Aber bevor man kopfschüttelnd auf den Preis schaut, sollte man anders herum fragen: Können Stadtplaner es sich heute noch leisten, in alten Strukturen zu denken und nichts weiter tun, als die vorhandenen Straßenzüge immer neu aufzuteilen? Platz ist in Städten endlich, gerade in London. Städte wie Paris oder Berlin mit ihren großzügigen breiten Prachtstraßen verfügen da über ein ganz anderes Potenzial.

London soll Radfahrerparadies werden

Zurzeit leben rund 8,4 Millionen Menschen in der britischen Hauptstadt, in der Metropolregion etwa 13,6 Millionen. Laut BBC wird die Londoner Bevölkerung in den kommenden Jahren um rund zwölf Prozent wachsen. Es wird also noch enger.

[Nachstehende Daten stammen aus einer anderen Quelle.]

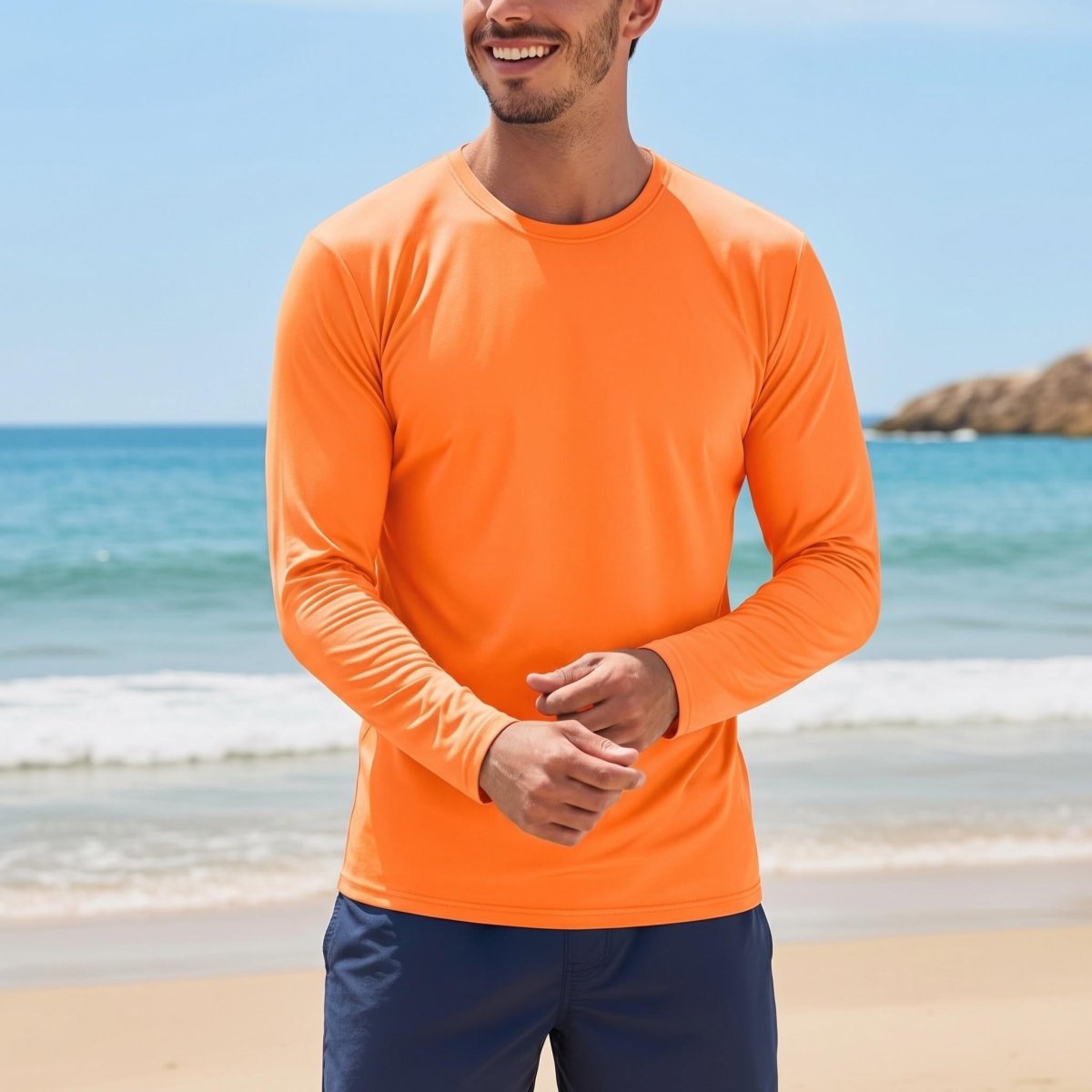 TACVASEN Orange Men's UPF 80+ Sun Shirt Quick Dry Long Sleeve Rashguard
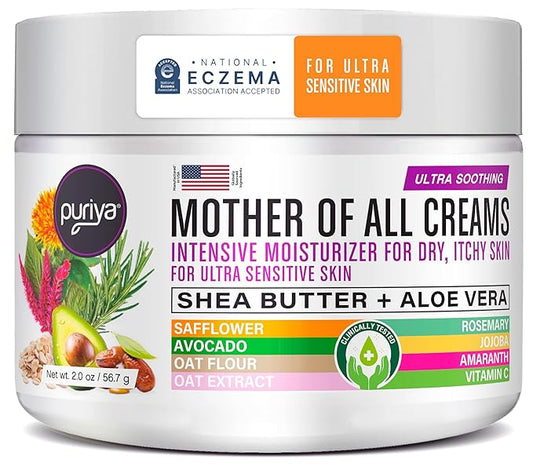 Puriya National Eczema Association Accepted Cream 2 oz, Dry Itchy Skin Relief, Colloidal Oatmeal Lotion, For Kids, Adults, Face, Hands, Mother of All Creams, Plant-Based Hydration,No Fragrance Added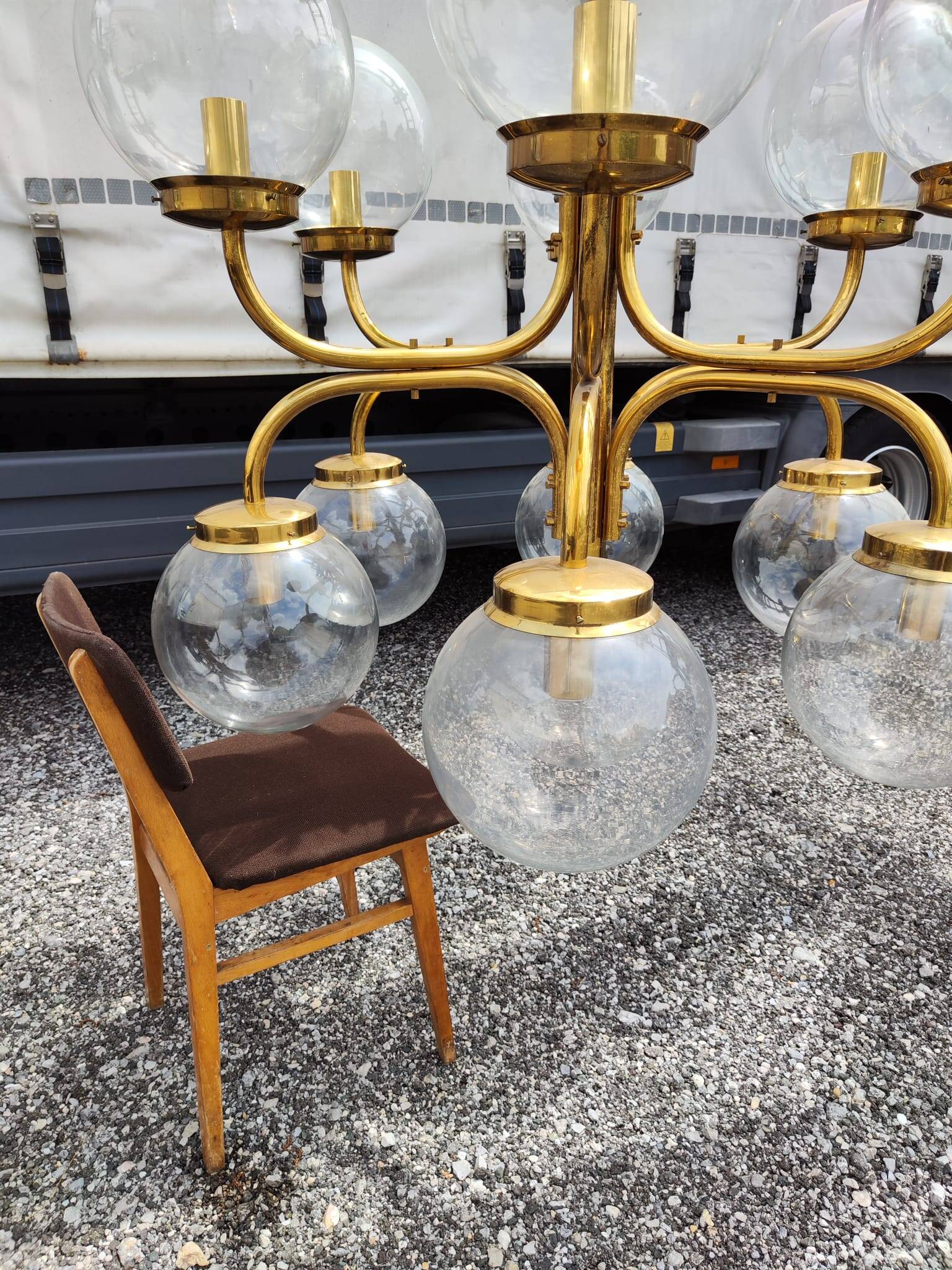 Large Vintage Brass Chandelier: Mid-Century Italian 13-Bulb Pendant Light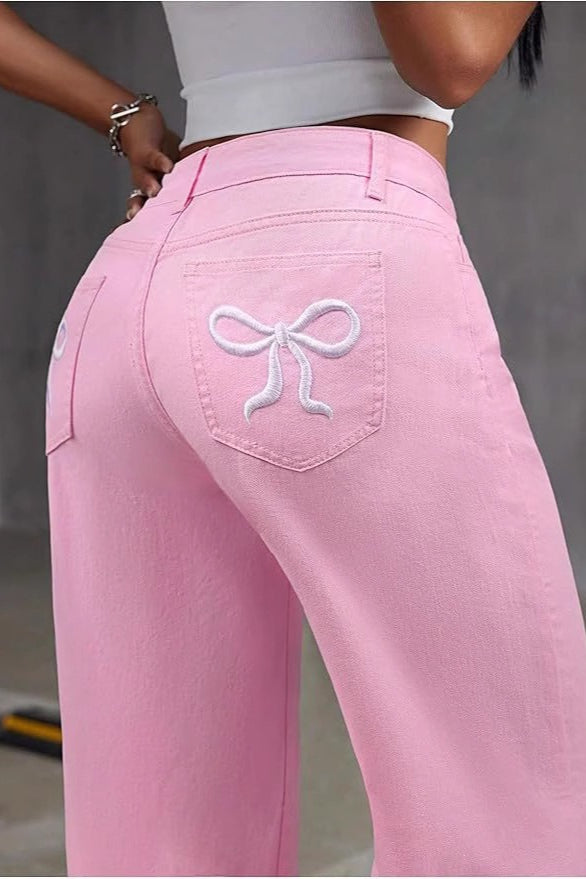 High-Waist Embroidered Wide-Leg Denim Jeans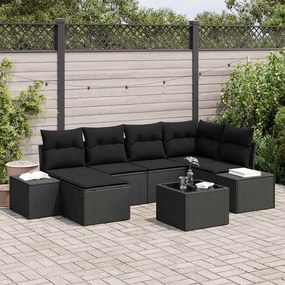 Kerti Kanapé Szett 7 pcs Fekete 264 x 154 x 85 cm Poli rattan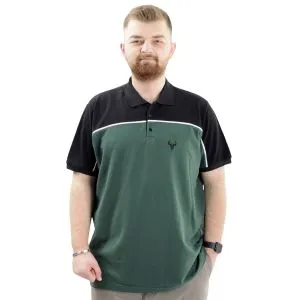 Büyük Beden Erkek T-Shirt Polo Yaka Renk Bloklu DEER U24324 Nefti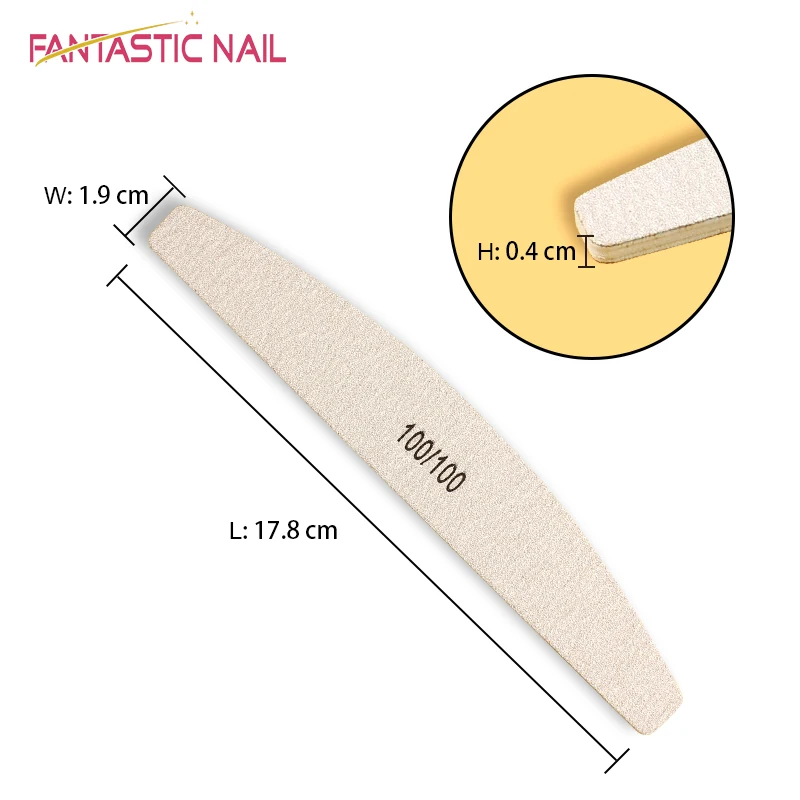 Personalized Custom Half Moon Shape Zebra Emery 80/100/180/240 Grit Nail File Professional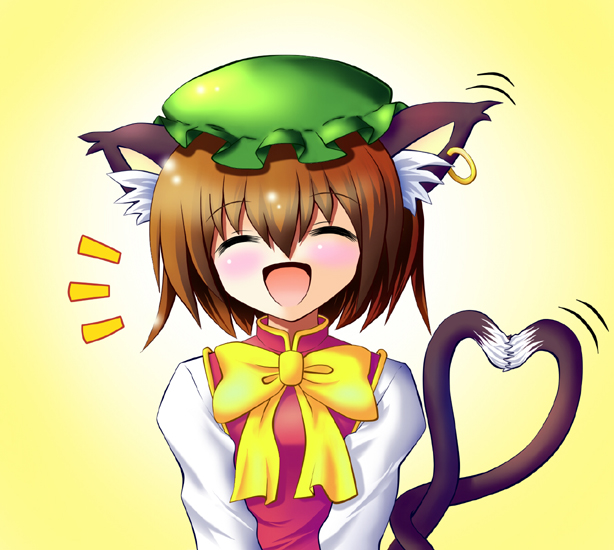 animal_ears brown_hair cat_ears cat_tail chen hat heart heart_tail osashin_(osada) smile solo tail touhou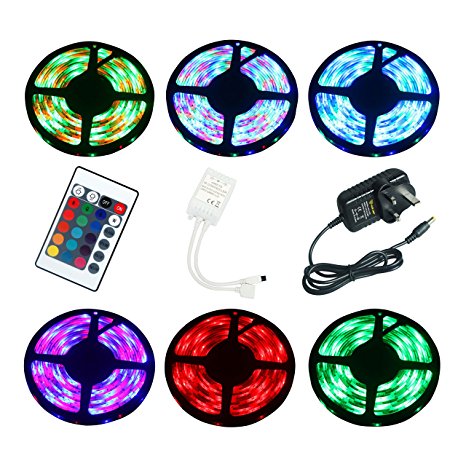 ALED LIGHT® LED Strip 5M/ 16.4 Ft 300 SMD 3528 RGB Non- Waterproof Seasonal Lighting LED Rope Light, Pack for Home Indoor Decoration, Color Changing Kit with Flexible Strip Light   24 K IR Remote Control  Power Supply, Free Shipping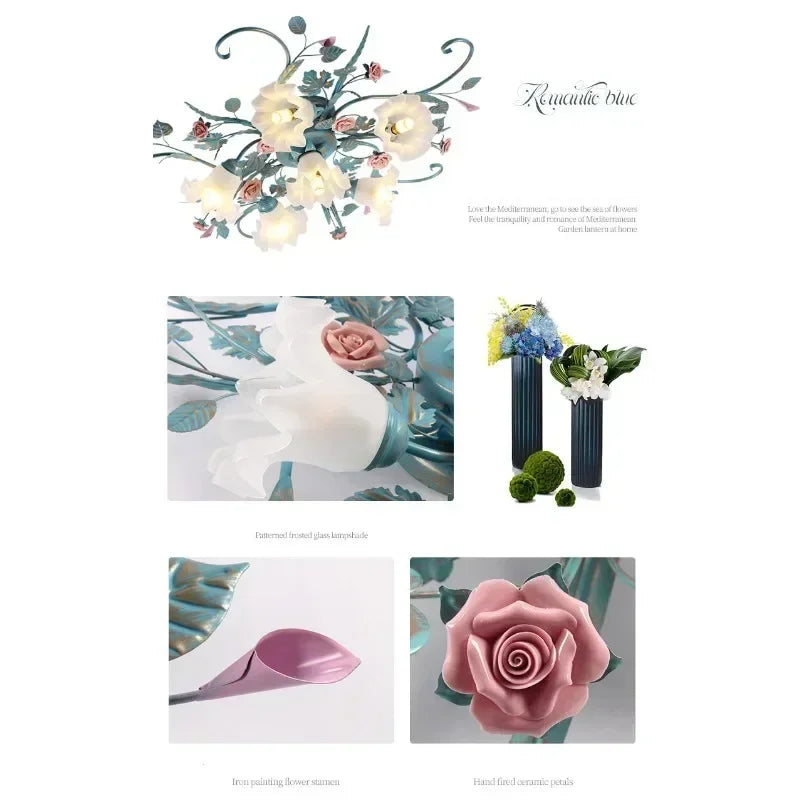Winfordo Pastoral Style Ceiling Lamp Rose Flower LED Lighting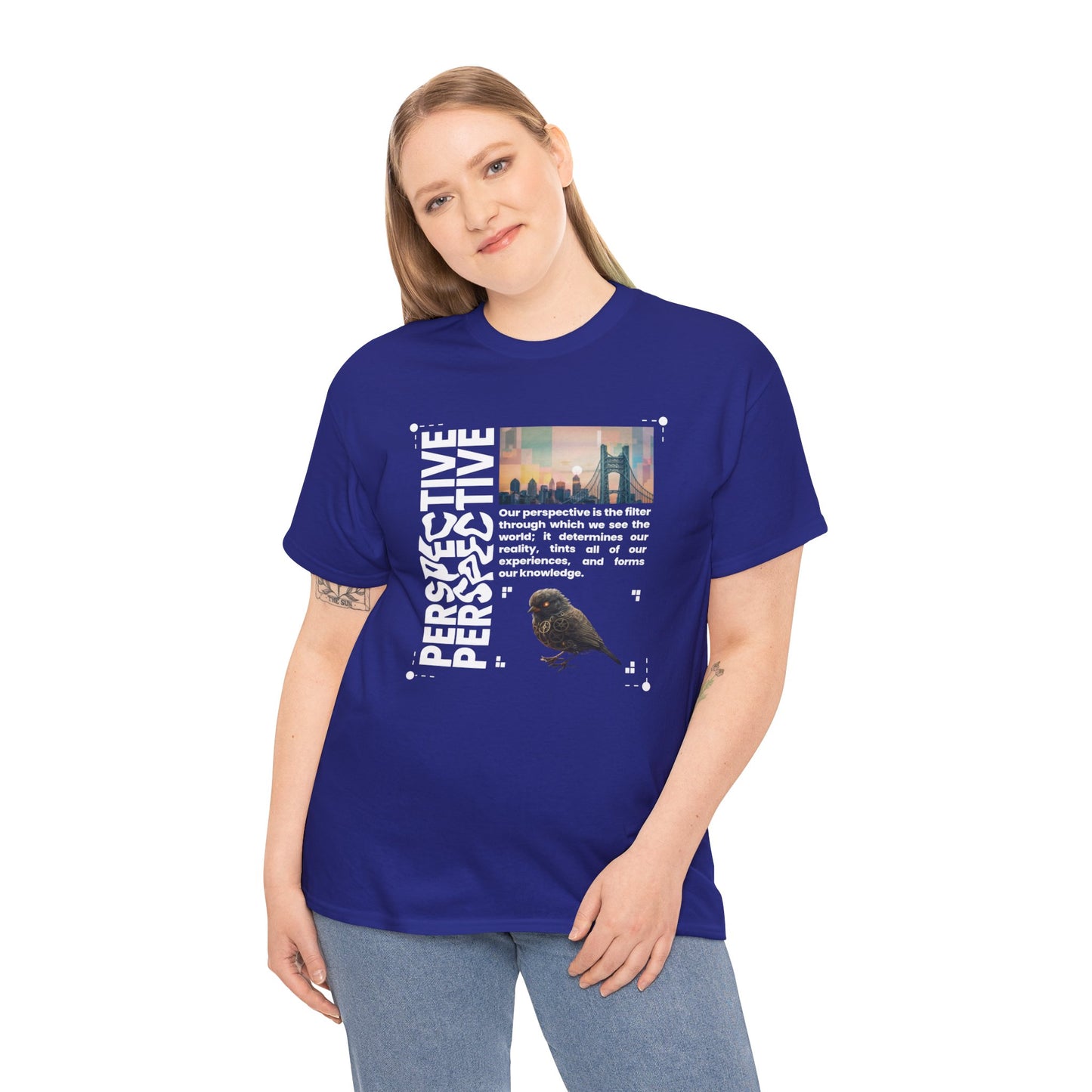 Unisex Heavy Cotton Perspective T-Shirt Front Side Cobalt Female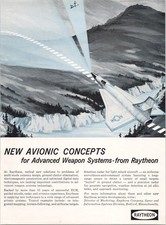Raytheon New Avionic Concepts Vintage 1960s Magazine Print Ad Military Jet Art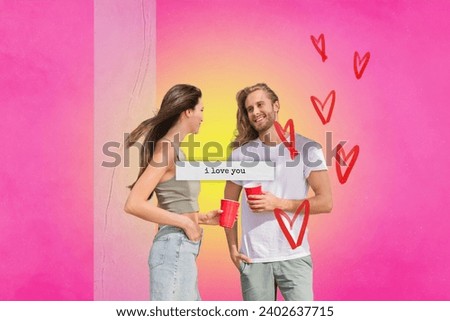 Composite collage picture image of young couple talk party crush valentine day love dating concept magazine surrealism metaphor psychedelic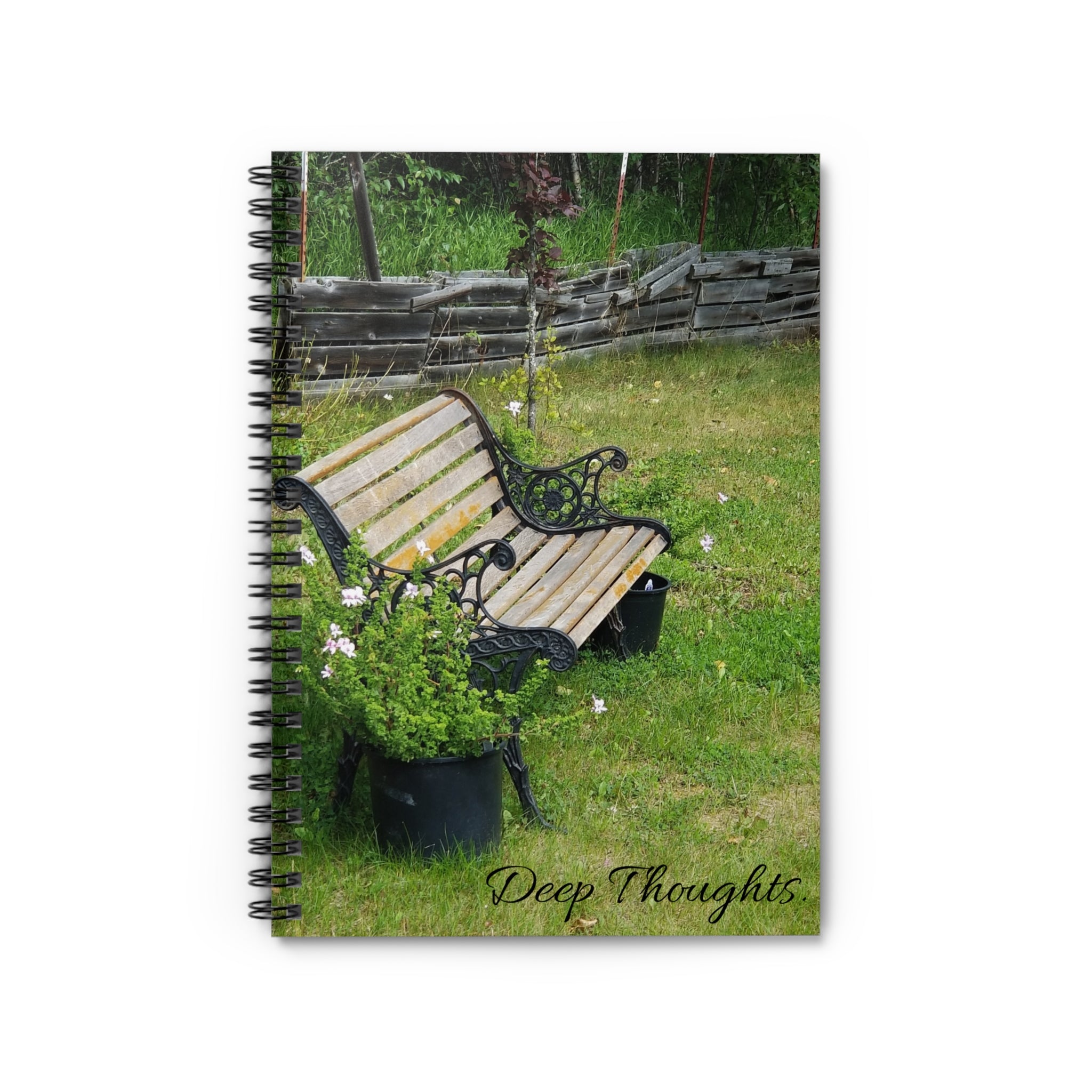 Deep Thoughts bench photography Spiral Notebook | Ruled journal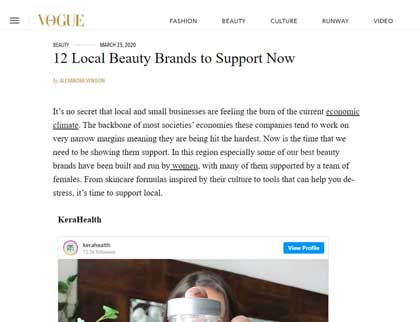 In the press – 12 Local Beauty Brands to Support Now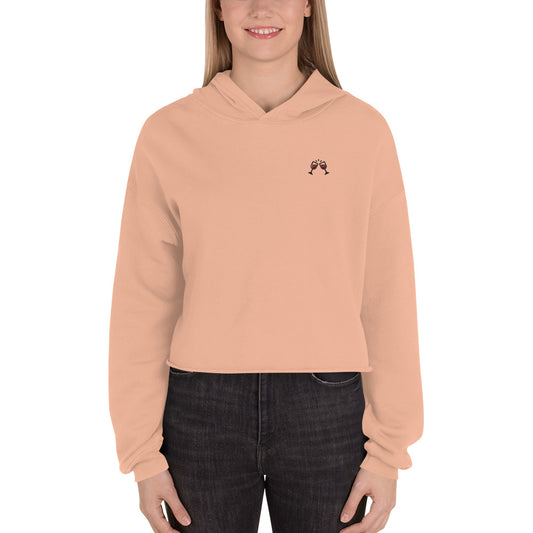 Sweat à Capuche Crop-Top brodé Femme Wine (+2 Couleurs)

Dass politischer Wille tiefgreifende Veränderungen herbeiführen kann, hat London schon vor Jahren bewiesen. Um die Blechlawine einzudämmen, führte der damalige Bürgermeister Ken Livingstone 2004 die City-Maut von acht Pfund für jedes Fahrzeug ein, zuzüglich Parkgebühren. Damit reduzierte er nach eigenem Bekunden den Autoverkehr in der Innenstadt um rund 20 Prozent.

Wenn es nach dem heutigen Bürgermeister Boris Johnson geht, soll die Infrastruktur für Radfahrer wesentlich verbessert werden. Die im Sommer 2010 eingeführten öffentlichen Leihräder sind im Volksmund längst als Boris Bikes bekannt. Johnson will aus London eine Radfahrstadt machen. Das ist ein ehrgeiziges Vorhaben. Der schwimmende Radweg und auch das Foster-Projekt haben durchaus Potenzial, Johnsons Plan voranzutreiben. Statt einen schmalen Radstreifen zwischen zwei Autospuren zu quetschen, suchen sie nach Alternativen – Wege, auf denen sich Radfahrern gerne und zügig fortbewegen können und die zugleich zum Aushängeschild von London werden könnten.

Fraglich ist aber, ob Londons Politiker schon so weit sind, diese Modelle ernsthaft in Erwägung zu ziehen. In den Niederlanden oder auch in Kopenhagen hat man weniger Probleme damit, Radverkehr im großen Maßstab zu denken. Dort darf Infrastruktur für Radfahrer attraktiv sein und durchaus etwas kosten.

Der Hovenring, über den ZEIT ONLINE berichtete, ist dafür ein gutes Beispiel. Im Grunde ist es ein Kreisel für Radfahrer. Er hätte viel schlichter aussehen können, viel günstiger sein können und dennoch seinen Zweck erfüllen. Aber so wie er jetzt in Eindhoven steht, ist er ein Wahrzeichen für die Stadt weltweit geworden.

Der schwimmende Radweg fällt in dieselbe Kategorie. Allerdings minimieren seine Macher bereits in der Projektbeschreibung die Bedeutung des Radverkehrs. Sie wollen den Thames Deckway außerhalb der Stoßzeiten als Flaniermeile für Fußgänger freigeben. Das ist ein Witz. Wo sonst werden Fahrstreifen einer Fahrbahn außerhalb der Stoßzeiten zweckentfremdet? Zudem ist ein Radweg, der zweispurig in jede Richtung führt, nur zeitgemäß und kein exorbitanter Luxus. Wie es scheint, haben David Nixon und Anna Hill noch gar nicht erkannt, welches Potenzial der Radverkehr in London hat und wie zukunftsweisend ihre Idee eigentlich sein kann.